With Catholics being organized politically in the Roman Catholic State Party under their clergy, the Netherlands was now divided into four major cultural and political groupings: liberals, socialists, Reformed, and Catholics. Each community was relatively self-contained, with low levels of intermarriage and other forms of contact among members of the respective communities. Each community established its own network of institutions, including labour unions, cultural associations, schools, and so forth, in a phenomenon that came to be known as verzuiling, or pillarization, which can be illustrated with the following figure:
Each confessional/ideological community had its own network of organizations in which members lived and worked. The Reformed had their two political parties, and the Catholics had their single party. The liberals were represented by the Volkspartij voor Vrijheid en Democratie, or the People's Party for Freedom and Democracy, while the socialists were represented by the Partij van de Arbeid, or the Party of Labour.
Arend Lijphart tells the story in his classic work, The Politics of Accommodation: Pluralism and Democracy in the Netherlands (Berkeley and Los Angeles: University of California Press, 1968).
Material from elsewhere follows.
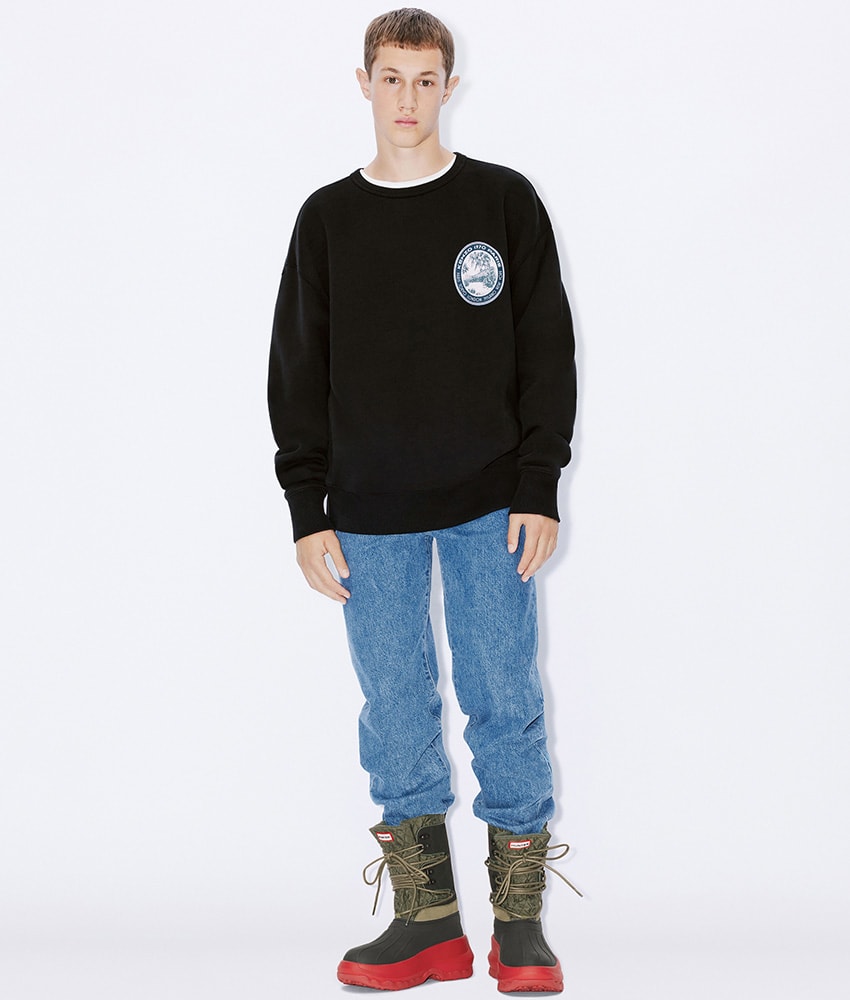 KENZO×HUNTER」コラボ全4型。ボケフラワーをあしらった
After decades of political struggle, by 1917 the four major groupings had come to an agreement on the following reforms:
- public funding for all schools on an equitable basis, including explicitly faith-based schools;
- establishment of a party list system of proportional representation for elections;
- compulsory voting; and
- universal male suffrage, with the sex requirement removed from the Constitution, thereby enabling the subsequent statutory enfranchisement of women by a simple parliamentary majority.
This modus vivendi enabled social peace for the next half century, as the leaders of the four communities collaborated for political purposes while refraining from further attempts to win the long culture war. With elections decided proportionally, no one felt altogether excluded from political power, and multiparty coalition governments became the norm rather than the exception. Although Kuyper himself was prime minister for only four years, his ARP/CHU/RKSP coalition would become a powerful force in Dutch politics for decades until the three parties merged at the end of the 1970s to become the Christian Democratic Appeal (CDA).
Ironically, as Lijphart was writing, the era of consociationalism in the Netherlands was drawing to a close, with the precipitous decline in church attendance and the arrival of such political parties as Democrats 66, which championed a radical democratizing of the political system and an end to pillarization. Although the Netherlands had stayed out of the Great War between 1914 and 1918, Germany did not respect her declaration of neutrality in 1939 and occupied the country the following year. The war and the ensuing struggle for survival broke down the old pillars to a large extent, while the secularizing trends of the 1960s further eroded the Catholic and Reformed communities, virtually completing the once feared effects of the French Revolution nearly two centuries earlier.
We will look at other countries' stories in future instalments, but it is worth pointing out that consociational arrangements tend to be temporary measures, putting an end to conflict but only for a time, after which conflict either resumes or loses its relevance for the current social mood. The latter is what happened in the Netherlands.